Source: Dalvenjah via Flickr
No stock is necessarily a “safe” pick, but if investors enter into a favorable risk/reward, they can enhance the odds of the latter and reduce the odds of the former.
With Sony stock, the charts point to a potentially favorable entry near current levels. As for upside, the average price target from analysts sits at $66.55, more than 36% above current levels.
SNE stock received an upgrade from Macquarie analysts on Tuesday morning. They went from neutral to outperform, although did not assign a price target. That follows Jefferies, who last week upgraded the stock to buy from hold. These analysts did include a price target, which went from $50.70 to $58. Even if Sony stock “only” rallied to this mark, it would represent more than 24% upside from current levels.
Trading Sony Stock
Above is a two-year weekly chart of Sony stock. April was a big month for Sony, as the stock hammered out a bottom near $42. It took about three weeks to solidify, but once it did, the share price took off.
It pushed right through $45, a key mark. More important, it broke out of its downward channel. This channel, highlighted in blue on the chart, has been pressuring Sony stock lower for six months.
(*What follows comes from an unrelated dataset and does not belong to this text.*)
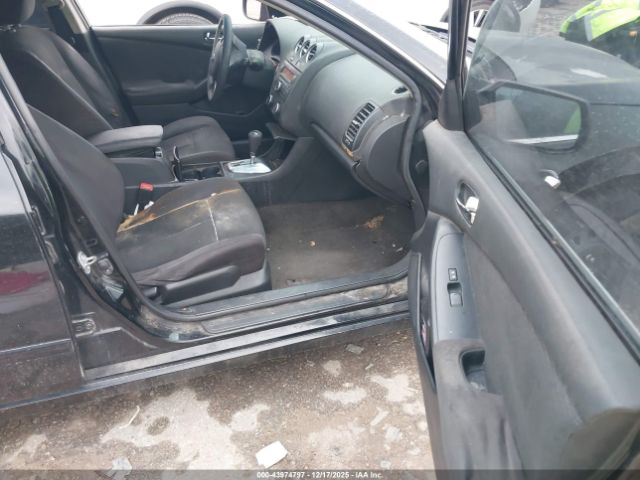 Nissan Altima 2.5 S Image 10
For SNE to break out of this channel is a critical development for bulls and could suggest more upside.
With shares getting hit down toward $46.50, this could give interested bulls an entry on the long side. As long as SNE stock stays north of prior downtrend resistance, it’s okay on the long side. For now, Sony stock is holding up over the 10-week moving average as well. If this moving average acts as support, that’s very promising for potential upside.
That said, investors have to contend with news of lower video game sales last month. That news isn’t just bad for Sony, but Activision Blizzard (NASDAQ:ATVI), Electronic Arts (NASDAQ:EA) and others. The exception may be Nintendo (OTCMKTS:NTDOY), which suddenly found itself in demand when China became open to allowing the Switch in the country.
More notably, Sony earnings are on April 26. Many will want to wait until after the report before entering Sony stock, and I do not blame them.
Bottom Line on Sony Stock
When Sony reports its fiscal fourth-quarter results later this week, analysts will be looking for earnings of 19 cents per share on revenue of $18.79 billion. Those earnings estimates are down almost 30% from 90 days ago, when analysts were looking for 27 cents per share in earnings. In-line revenue results would result in 4.3% year-over-year growth.
Overall, analysts are looking for full-year earnings of $5.86 per share on revenue of $77.58 billion. Should SNE achieve these numbers, it will represent 67% growth and 0.60% growth, respectively. However, in fiscal 2020, estimates call for earnings of “just” $3.85 per share. That puts Sony stock at about 12 times next year’s earnings (the fiscal year of which will start this quarter).
For short-term traders, SNE is likely too much of a mixed bag. However, for investors that like its long-term prospects, Sony stock has some attractive qualities. Consider current levels a decent entry for a partial position. Those who choose to wait can see whether nearby support is legit or if it will fail.
Should Sony stock rally, I want to see how it handles $50.